Provided data START

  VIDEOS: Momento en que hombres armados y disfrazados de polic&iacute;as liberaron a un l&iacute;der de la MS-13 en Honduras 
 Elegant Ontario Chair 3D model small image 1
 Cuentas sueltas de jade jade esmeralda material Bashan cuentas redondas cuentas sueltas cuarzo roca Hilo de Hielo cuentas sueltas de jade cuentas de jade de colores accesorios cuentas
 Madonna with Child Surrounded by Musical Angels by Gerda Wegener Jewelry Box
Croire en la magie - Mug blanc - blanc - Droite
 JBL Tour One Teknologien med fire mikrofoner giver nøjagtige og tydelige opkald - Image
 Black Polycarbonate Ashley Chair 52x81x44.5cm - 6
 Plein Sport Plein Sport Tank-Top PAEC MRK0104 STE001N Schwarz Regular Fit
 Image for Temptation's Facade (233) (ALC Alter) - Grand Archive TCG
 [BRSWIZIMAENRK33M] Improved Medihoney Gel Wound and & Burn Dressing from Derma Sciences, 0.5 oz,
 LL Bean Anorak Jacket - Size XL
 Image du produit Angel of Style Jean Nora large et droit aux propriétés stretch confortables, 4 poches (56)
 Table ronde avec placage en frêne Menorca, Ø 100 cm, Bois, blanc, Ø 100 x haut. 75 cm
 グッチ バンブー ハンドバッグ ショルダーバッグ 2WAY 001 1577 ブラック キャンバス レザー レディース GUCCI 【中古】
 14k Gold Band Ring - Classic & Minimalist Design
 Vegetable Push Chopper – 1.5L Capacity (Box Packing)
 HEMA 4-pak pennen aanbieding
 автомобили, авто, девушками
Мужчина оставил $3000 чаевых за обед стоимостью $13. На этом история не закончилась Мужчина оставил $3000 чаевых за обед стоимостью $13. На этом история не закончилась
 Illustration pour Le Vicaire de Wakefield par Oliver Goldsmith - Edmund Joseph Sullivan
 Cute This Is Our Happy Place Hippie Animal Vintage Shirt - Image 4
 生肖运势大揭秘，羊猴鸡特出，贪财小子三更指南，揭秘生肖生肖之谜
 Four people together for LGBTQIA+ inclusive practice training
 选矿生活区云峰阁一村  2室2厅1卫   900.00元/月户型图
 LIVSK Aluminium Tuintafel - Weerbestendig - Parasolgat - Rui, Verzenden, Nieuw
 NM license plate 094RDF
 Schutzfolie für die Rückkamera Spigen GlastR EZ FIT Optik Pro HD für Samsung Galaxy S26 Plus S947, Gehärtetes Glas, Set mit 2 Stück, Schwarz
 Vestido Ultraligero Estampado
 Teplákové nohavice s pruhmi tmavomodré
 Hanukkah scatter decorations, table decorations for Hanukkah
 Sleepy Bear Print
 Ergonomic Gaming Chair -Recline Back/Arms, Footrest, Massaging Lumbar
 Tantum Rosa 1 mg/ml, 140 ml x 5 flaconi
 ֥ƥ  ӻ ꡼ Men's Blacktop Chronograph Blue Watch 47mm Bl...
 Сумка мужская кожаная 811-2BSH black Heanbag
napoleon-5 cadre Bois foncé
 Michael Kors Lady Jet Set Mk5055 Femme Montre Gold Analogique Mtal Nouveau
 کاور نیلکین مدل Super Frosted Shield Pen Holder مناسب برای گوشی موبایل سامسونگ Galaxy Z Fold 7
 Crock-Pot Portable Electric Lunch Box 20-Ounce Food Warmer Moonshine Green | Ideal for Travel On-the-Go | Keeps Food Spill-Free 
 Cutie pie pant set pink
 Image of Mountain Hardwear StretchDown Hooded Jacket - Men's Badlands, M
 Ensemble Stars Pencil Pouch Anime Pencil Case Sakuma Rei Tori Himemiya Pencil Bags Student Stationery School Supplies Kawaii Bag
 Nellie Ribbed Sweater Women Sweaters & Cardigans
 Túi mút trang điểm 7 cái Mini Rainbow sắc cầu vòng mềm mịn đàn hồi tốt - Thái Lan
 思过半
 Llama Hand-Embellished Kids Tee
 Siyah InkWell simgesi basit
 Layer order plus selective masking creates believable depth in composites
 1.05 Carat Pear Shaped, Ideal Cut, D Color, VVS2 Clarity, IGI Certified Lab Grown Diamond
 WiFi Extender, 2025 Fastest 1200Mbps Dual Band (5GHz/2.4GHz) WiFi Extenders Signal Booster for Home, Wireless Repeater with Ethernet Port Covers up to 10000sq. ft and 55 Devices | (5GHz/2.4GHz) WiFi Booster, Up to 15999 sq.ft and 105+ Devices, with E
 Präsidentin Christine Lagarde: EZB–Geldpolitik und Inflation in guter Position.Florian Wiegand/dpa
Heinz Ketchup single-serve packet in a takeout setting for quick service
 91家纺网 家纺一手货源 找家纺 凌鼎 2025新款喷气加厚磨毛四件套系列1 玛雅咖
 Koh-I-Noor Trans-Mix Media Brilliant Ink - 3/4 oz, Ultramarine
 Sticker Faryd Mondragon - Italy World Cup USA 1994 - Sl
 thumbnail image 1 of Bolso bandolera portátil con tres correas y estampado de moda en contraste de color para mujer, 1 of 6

Provided data END

_What to do_:
Could you restate every entry verbatim, please?

_Exercise answer_:
  VIDEOS: Momento en que hombres armados y disfrazados de polic&iacute;as liberaron a un l&iacute;der de la MS-13 en Honduras 
 Elegant Ontario Chair 3D model small image 1
 Cuentas sueltas de jade jade esmeralda material Bashan cuentas redondas cuentas sueltas cuarzo roca Hilo de Hielo cuentas sueltas de jade cuentas de jade de colores accesorios cuentas
 Madonna with Child Surrounded by Musical Angels by Gerda Wegener Jewelry Box
Croire en la magie - Mug blanc - blanc - Droite
 JBL Tour One Teknologien med fire mikrofoner giver nøjagtige og tydelige opkald - Image
 Black Polycarbonate Ashley Chair 52x81x44.5cm - 6
 Plein Sport Plein Sport Tank-Top PAEC MRK0104 STE001N Schwarz Regular Fit
 Image for Temptation's Facade (233) (ALC Alter) - Grand Archive TCG
 [BRSWIZIMAENRK33M] Improved Medihoney Gel Wound and & Burn Dressing from Derma Sciences, 0.5 oz,
 LL Bean Anorak Jacket - Size XL
 Image du produit Angel of Style Jean Nora large et droit aux propriétés stretch confortables, 4 poches (56)
 Table ronde avec placage en frêne Menorca, Ø 100 cm, Bois, blanc, Ø 100 x haut. 75 cm
 グッチ バンブー ハンドバッグ ショルダーバッグ 2WAY 001 1577 ブラック キャンバス レザー レディース GUCCI 【中古】
 14k Gold Band Ring - Classic & Minimalist Design
 Vegetable Push Chopper – 1.5L Capacity (Box Packing)
 HEMA 4-pak pennen aanbieding
 автомобили, авто, девушками
Мужчина оставил $3000 чаевых за обед стоимостью $13. На этом история не закончилась Мужчина оставил $3000 чаевых за обед стоимостью $13. На этом история не закончилась
 Illustration pour Le Vicaire de Wakefield par Oliver Goldsmith - Edmund Joseph Sullivan
 Cute This Is Our Happy Place Hippie Animal Vintage Shirt - Image 4
 生肖运势大揭秘，羊猴鸡特出，贪财小子三更指南，揭秘生肖生肖之谜
 Four people together for LGBTQIA+ inclusive practice training
 选矿生活区云峰阁一村  2室2厅1卫   900.00元/月户型图
 LIVSK Aluminium Tuintafel - Weerbestendig - Parasolgat - Rui, Verzenden, Nieuw
 NM license plate 094RDF
 Schutzfolie für die Rückkamera Spigen GlastR EZ FIT Optik Pro HD für Samsung Galaxy S26 Plus S947, Gehärtetes Glas, Set mit 2 Stück, Schwarz
 Vestido Ultraligero Estampado
 Teplákové nohavice s pruhmi tmavomodré
 Hanukkah scatter decorations, table decorations for Hanukkah
 Sleepy Bear Print
 Ergonomic Gaming Chair -Recline Back/Arms, Footrest, Massaging Lumbar
 Tantum Rosa 1 mg/ml, 140 ml x 5 flaconi
 ֥ƥ  ӻ ꡼ Men's Blacktop Chronograph Blue Watch 47mm Bl...
 Сумка мужская кожаная 811-2BSH black Heanbag
napoleon-5 cadre Bois foncé
 Michael Kors Lady Jet Set Mk5055 Femme Montre Gold Analogique Mtal Nouveau
 کاور نیلکین مدل Super Frosted Shield Pen Holder مناسب برای گوشی موبایل سامسونگ Galaxy Z Fold 7
 Crock-Pot Portable Electric Lunch Box 20-Ounce Food Warmer Moonshine Green | Ideal for Travel On-the-Go | Keeps Food Spill-Free 
 Cutie pie pant set pink
 Image of Mountain Hardwear StretchDown Hooded Jacket - Men's Badlands, M
 Ensemble Stars Pencil Pouch Anime Pencil Case Sakuma Rei Tori Himemiya Pencil Bags Student Stationery School Supplies Kawaii Bag
 Nellie Ribbed Sweater Women Sweaters & Cardigans
 Túi mút trang điểm 7 cái Mini Rainbow sắc cầu vòng mềm mịn đàn hồi tốt - Thái Lan
 思过半
 Llama Hand-Embellished Kids Tee
 Siyah InkWell simgesi basit
 Layer order plus selective masking creates believable depth in composites
 1.05 Carat Pear Shaped, Ideal Cut, D Color, VVS2 Clarity, IGI Certified Lab Grown Diamond
 WiFi Extender, 2025 Fastest 1200Mbps Dual Band (5GHz/2.4GHz) WiFi Extenders Signal Booster for Home, Wireless Repeater with Ethernet Port Covers up to 10000sq. ft and 55 Devices | (5GHz/2.4GHz) WiFi Booster, Up to 15999 sq.ft and 105+ Devices, with E
 Präsidentin Christine Lagarde: EZB–Geldpolitik und Inflation in guter Position.Florian Wiegand/dpa
Heinz Ketchup single-serve packet in a takeout setting for quick service
 91家纺网 家纺一手货源 找家纺 凌鼎 2025新款喷气加厚磨毛四件套系列1 玛雅咖
 Koh-I-Noor Trans-Mix Media Brilliant Ink - 3/4 oz, Ultramarine
 Sticker Faryd Mondragon - Italy World Cup USA 1994 - Sl
 thumbnail image 1 of Bolso bandolera portátil con tres correas y estampado de moda en contraste de color para mujer, 1 of 6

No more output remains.